● **Source data**:
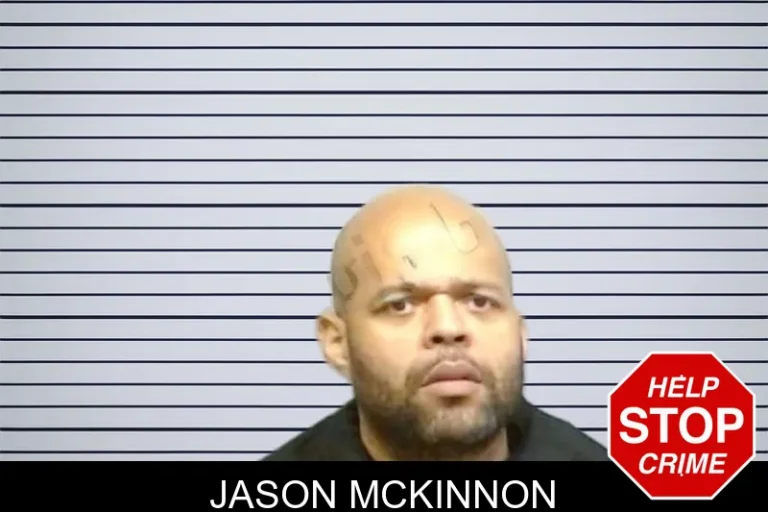 Jason McKinnon mugshot – Fulton County , Georgia Jason McKinnon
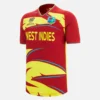 Weltmeisterschaft 2026 Westindische Cricket-T-20-Spielhemden Weltmeisterschaft 2026 Westindische Cricket-T-20-Spielhemden
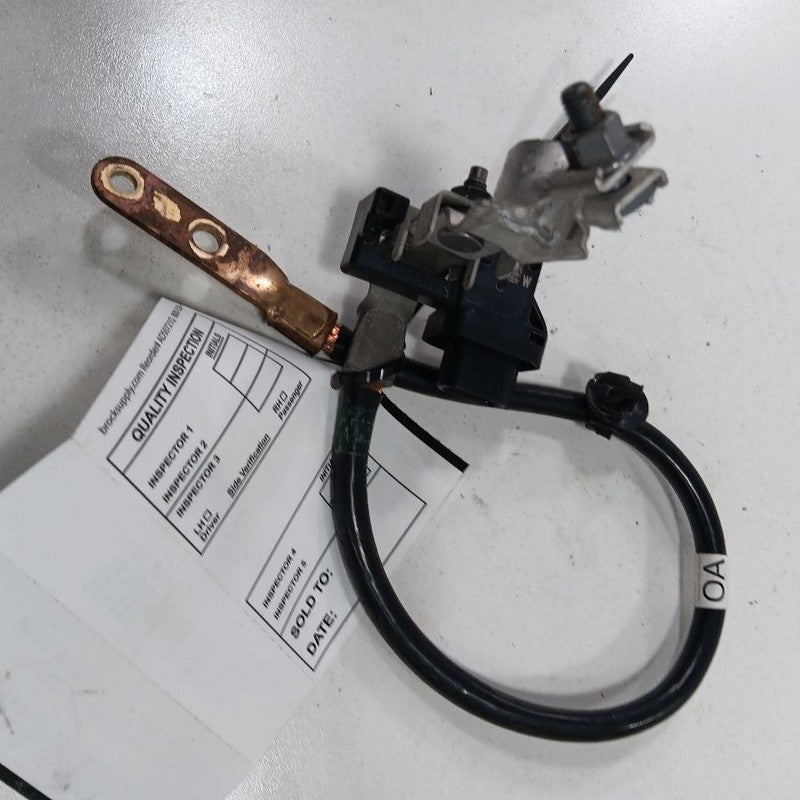 Nissan Sentra Battery Cable  2023 2022 2021 2020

● **Work instructions**: Transcribe all of the data above exactly; no picture belongs in the copy.

● **Response**:
 Jason McKinnon mugshot – Fulton County , Georgia Jason McKinnon
 Weltmeisterschaft 2026 Westindische Cricket-T-20-Spielhemden Weltmeisterschaft 2026 Westindische Cricket-T-20-Spielhemden
 Nissan Sentra Battery Cable  2023 2022 2021 2020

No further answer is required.